HOW TO COMPLETE THIS TASK => Repeat every record exactly.

(Records from a data collection)
· · · · ·

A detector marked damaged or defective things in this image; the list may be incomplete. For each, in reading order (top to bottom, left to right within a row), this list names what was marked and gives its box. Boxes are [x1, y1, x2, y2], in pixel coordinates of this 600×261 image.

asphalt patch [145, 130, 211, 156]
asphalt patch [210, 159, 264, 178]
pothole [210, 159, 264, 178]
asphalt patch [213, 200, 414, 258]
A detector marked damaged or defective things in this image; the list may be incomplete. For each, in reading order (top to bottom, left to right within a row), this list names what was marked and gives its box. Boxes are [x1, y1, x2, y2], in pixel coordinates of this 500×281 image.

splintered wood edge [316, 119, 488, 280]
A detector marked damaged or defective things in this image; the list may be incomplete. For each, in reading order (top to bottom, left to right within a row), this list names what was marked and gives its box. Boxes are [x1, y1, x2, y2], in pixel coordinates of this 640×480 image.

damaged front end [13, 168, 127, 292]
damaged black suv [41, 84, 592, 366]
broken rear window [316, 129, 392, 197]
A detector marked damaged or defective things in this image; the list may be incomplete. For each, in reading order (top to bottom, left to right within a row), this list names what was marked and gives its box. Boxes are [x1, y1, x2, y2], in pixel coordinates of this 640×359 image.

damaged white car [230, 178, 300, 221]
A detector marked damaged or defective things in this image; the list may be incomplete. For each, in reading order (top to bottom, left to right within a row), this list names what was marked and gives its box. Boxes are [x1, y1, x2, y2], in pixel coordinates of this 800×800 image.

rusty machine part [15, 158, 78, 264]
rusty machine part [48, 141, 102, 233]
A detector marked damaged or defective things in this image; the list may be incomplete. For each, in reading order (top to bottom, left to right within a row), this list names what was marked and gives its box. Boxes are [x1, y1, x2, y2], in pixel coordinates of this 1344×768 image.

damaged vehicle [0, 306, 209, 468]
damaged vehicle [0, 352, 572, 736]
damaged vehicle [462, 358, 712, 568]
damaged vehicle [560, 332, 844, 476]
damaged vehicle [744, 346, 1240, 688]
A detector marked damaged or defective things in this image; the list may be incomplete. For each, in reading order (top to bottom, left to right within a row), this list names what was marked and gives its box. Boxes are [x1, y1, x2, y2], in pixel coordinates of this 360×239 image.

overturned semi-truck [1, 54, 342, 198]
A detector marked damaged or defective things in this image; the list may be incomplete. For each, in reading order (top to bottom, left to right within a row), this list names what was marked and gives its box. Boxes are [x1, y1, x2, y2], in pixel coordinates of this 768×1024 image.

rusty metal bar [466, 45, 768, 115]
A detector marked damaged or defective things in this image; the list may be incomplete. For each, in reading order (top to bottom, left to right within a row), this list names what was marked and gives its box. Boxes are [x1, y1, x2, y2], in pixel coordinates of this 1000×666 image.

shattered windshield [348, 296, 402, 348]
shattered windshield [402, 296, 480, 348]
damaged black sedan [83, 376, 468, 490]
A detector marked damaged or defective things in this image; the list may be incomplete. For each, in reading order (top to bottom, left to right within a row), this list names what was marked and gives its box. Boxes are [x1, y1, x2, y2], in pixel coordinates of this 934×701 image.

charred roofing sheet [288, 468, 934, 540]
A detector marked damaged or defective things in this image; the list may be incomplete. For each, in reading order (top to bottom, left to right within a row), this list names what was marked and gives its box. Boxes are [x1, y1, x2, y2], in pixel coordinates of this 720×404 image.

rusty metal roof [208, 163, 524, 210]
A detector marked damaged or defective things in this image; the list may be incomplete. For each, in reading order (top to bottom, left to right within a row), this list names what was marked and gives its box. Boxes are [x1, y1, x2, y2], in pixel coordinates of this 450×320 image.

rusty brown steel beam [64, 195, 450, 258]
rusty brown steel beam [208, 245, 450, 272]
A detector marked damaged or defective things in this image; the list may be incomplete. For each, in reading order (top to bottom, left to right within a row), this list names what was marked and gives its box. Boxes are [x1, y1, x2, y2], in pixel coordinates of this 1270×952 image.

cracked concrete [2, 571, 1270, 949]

· · · · ·

COMPLETED TASK =>
A detector marked damaged or defective things in this image; the list may be incomplete. For each, in reading order (top to bottom, left to right within a row), this list names what was marked and gives its box. Boxes are [x1, y1, x2, y2], in pixel coordinates of this 600×261 image.

asphalt patch [145, 130, 211, 156]
asphalt patch [210, 159, 264, 178]
pothole [210, 159, 264, 178]
asphalt patch [213, 200, 414, 258]
A detector marked damaged or defective things in this image; the list may be incomplete. For each, in reading order (top to bottom, left to right within a row), this list names what was marked and gives its box. Boxes are [x1, y1, x2, y2], in pixel coordinates of this 500×281 image.

splintered wood edge [316, 119, 488, 280]
A detector marked damaged or defective things in this image; the list may be incomplete. For each, in reading order (top to bottom, left to right within a row), this list names what was marked and gives its box. Boxes are [x1, y1, x2, y2], in pixel coordinates of this 640×480 image.

damaged front end [13, 168, 127, 292]
damaged black suv [41, 84, 592, 366]
broken rear window [316, 129, 392, 197]
A detector marked damaged or defective things in this image; the list may be incomplete. For each, in reading order (top to bottom, left to right within a row), this list names what was marked and gives its box. Boxes are [x1, y1, x2, y2], in pixel coordinates of this 640×359 image.

damaged white car [230, 178, 300, 221]
A detector marked damaged or defective things in this image; the list may be incomplete. For each, in reading order (top to bottom, left to right within a row), this list names what was marked and gives its box. Boxes are [x1, y1, x2, y2], in pixel coordinates of this 800×800 image.

rusty machine part [15, 158, 78, 264]
rusty machine part [48, 141, 102, 233]
A detector marked damaged or defective things in this image; the list may be incomplete. For each, in reading order (top to bottom, left to right within a row), this list names what was marked and gives its box. Boxes are [x1, y1, x2, y2], in pixel coordinates of this 1344×768 image.

damaged vehicle [0, 306, 209, 468]
damaged vehicle [0, 352, 572, 736]
damaged vehicle [462, 358, 712, 568]
damaged vehicle [560, 332, 844, 476]
damaged vehicle [744, 346, 1240, 688]
A detector marked damaged or defective things in this image; the list may be incomplete. For each, in reading order (top to bottom, left to right within a row), this list names what was marked and gives its box. Boxes are [x1, y1, x2, y2], in pixel coordinates of this 360×239 image.

overturned semi-truck [1, 54, 342, 198]
A detector marked damaged or defective things in this image; the list may be incomplete. For each, in reading order (top to bottom, left to right within a row), this list names what was marked and gives its box. Boxes are [x1, y1, x2, y2], in pixel coordinates of this 768×1024 image.

rusty metal bar [466, 45, 768, 115]
A detector marked damaged or defective things in this image; the list may be incomplete. For each, in reading order (top to bottom, left to right within a row), this list names what was marked and gives its box. Boxes are [x1, y1, x2, y2], in pixel coordinates of this 1000×666 image.

shattered windshield [348, 296, 402, 348]
shattered windshield [402, 296, 480, 348]
damaged black sedan [83, 376, 468, 490]
A detector marked damaged or defective things in this image; the list may be incomplete. For each, in reading order (top to bottom, left to right within a row), this list names what was marked and gives its box. Boxes are [x1, y1, x2, y2], in pixel coordinates of this 934×701 image.

charred roofing sheet [288, 468, 934, 540]
A detector marked damaged or defective things in this image; the list may be incomplete. For each, in reading order (top to bottom, left to right within a row), this list names what was marked and gives its box. Boxes are [x1, y1, x2, y2], in pixel coordinates of this 720×404 image.

rusty metal roof [208, 163, 524, 210]
A detector marked damaged or defective things in this image; the list may be incomplete. For each, in reading order (top to bottom, left to right within a row), this list names what was marked and gives its box. Boxes are [x1, y1, x2, y2], in pixel coordinates of this 450×320 image.

rusty brown steel beam [64, 195, 450, 258]
rusty brown steel beam [208, 245, 450, 272]
A detector marked damaged or defective things in this image; the list may be incomplete. For each, in reading order (top to bottom, left to right within a row), this list names what was marked and gives its box. Boxes are [x1, y1, x2, y2], in pixel coordinates of this 1270×952 image.

cracked concrete [2, 571, 1270, 949]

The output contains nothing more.